PCRE2Project / pcre2

PCRE2 development is now based here.
Other
918 stars 191 forks source link

Non-recursive scan prefix in JIT #560

Closed zherczeg closed 1 week ago

zherczeg commented 1 week ago

The algorithm is rewritten. It should cover more cases and non-recursive.

Testing is difficult though. When it covers cases that it should not, the matching should fail, so that can be tested at some level. However, the opposite, when it does not cover cases, that it should, the effect is just slower matching.

Fixes #558 since it is non-recursive.

NWilson commented 1 week ago

I didn't have time to look at this yesterday; but I will today.

zherczeg commented 1 week ago

I will try to explain the algorithm using examples. The prefix is a simplified pattern, which has a fixed length, and it is a string of small character sets and dots in regexp terms.

Example: /(abc|xbyd)/ prefix is [ax]b[cy] (3 characters long) /a[a-z]b+c/ prefix is a.b (3 characters long) (I decided that + may introduce too many combinations, and not worth to continue. Never proved that it is true or false, just my feelings.) /ab?cd/ prefix is a[bc][cd] (3 characters long) /(ab|cd)|(ef|gh)/ prefix is [aceg][bdfh] (2 characters long)

Why this prefix is collected: jit can generate a simd code, which can search ...[ab]...[cd] patterns very fast (currently disabled on Windows though).
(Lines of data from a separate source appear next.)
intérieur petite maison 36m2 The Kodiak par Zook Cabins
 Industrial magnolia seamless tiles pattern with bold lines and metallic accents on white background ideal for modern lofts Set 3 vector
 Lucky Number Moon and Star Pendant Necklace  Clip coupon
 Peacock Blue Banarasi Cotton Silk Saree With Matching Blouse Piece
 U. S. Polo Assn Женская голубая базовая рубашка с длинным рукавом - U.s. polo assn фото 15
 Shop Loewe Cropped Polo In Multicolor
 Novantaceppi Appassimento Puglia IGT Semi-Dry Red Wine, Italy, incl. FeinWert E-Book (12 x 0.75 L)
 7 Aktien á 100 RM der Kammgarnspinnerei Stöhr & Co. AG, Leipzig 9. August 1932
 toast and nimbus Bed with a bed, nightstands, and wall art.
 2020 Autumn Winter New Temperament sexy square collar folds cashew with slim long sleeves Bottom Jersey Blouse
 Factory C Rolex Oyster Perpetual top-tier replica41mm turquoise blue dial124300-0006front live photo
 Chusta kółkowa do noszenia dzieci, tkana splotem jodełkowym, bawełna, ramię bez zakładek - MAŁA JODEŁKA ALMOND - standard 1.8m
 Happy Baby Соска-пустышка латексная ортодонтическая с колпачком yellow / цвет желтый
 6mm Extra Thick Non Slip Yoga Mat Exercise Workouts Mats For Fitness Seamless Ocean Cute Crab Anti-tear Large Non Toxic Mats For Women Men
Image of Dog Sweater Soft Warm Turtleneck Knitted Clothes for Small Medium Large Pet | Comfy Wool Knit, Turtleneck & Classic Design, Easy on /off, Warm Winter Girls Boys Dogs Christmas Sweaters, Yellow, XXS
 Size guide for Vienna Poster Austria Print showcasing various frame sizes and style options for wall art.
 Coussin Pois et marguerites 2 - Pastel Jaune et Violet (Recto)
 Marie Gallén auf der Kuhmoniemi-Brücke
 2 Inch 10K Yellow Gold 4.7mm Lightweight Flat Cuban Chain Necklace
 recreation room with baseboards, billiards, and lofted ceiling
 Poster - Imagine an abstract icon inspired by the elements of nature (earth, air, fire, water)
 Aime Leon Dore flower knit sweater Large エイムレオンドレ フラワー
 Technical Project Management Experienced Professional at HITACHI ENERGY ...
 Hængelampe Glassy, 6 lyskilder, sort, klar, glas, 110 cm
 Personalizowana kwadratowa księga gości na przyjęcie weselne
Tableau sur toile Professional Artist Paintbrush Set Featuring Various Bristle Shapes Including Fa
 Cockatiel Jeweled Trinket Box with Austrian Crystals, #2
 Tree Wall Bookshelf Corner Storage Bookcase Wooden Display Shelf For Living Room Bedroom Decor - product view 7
So in the prefix we search for maximum two character sets (prefer single characters if possible), where the two sets has no common character. In my experiences the chance of such pairs are very low in a real text, so an ab is quite rare, but a "`" (double space) is frequent. We even prefer an " [ax]" over " `", although the latter is "simpler".

The scan_prefix scans the pattern in a simple loop. However, if an | or character? is encountered, we save its location on the stack, and continue to the ending ')'. This way we can parse /a(bc|cb|xy)e/ as a[bcx][cby]e.

I hope this explains how the algorithm works. In jit, everything is rather complex unfortunately. This gives its speed, but quite challenging for understanding.

Let me know if you need more explanation.

NWilson commented 1 week ago

Ouch! I knew my understanding of the code's intentions didn't match what the code was doing, but I couldn't work out its purpose from just reading the loop.

That's really helpful explanation. I should be able to match that behaviour to the code now.

zherczeg commented 1 week ago

I have added the examples as a comment to the function. Let me know if more changes are needed.

zherczeg commented 1 week ago

I plan to land this patch soon, then #559, then the rest. Please let me know if this needs more changes.

PhilipHazel commented 1 week ago

Most of these choices are made based on how it is easier / faster to process them in the interpreter. Philip probably could tell more about it.

When I first wrote PCRE in 1997, Perl regular expressions were a lot simpler than they are today. I'm actually quite gratified to know that we've managed to keep on upgrading the code over nearly 30 years. The original set of opcodes was invented "off the top of my head" but has been changed over the years. For example, at first I had a "string" opcode rather than OP_CHAR. That had its problems; this is from the ChangeLog for 2.07:

  1. Fixed bug: a zero repetition after a literal string (e.g. /abcde{0}/) was
    causing the entire string to be ignored, instead of just the last character.

It was not until release 5.0 (2004) that the string op was abolished in favour of OP_CHAR. (Reading the PCRE1 ChangeLog can be quite instructive.) Note that JIT support didn't come along until 2011 (release 8.20), a little bit after I got rid of tracking options at runtime (there used to be OP_OPT) and introduced OP_CHARI and other caseful/caseless pairs in 8.13.

So yes, it was the interpreter that influenced all these early decisions.

@zherczeg is also correct in saying that not much attention has been paid to the exact values of error offsets.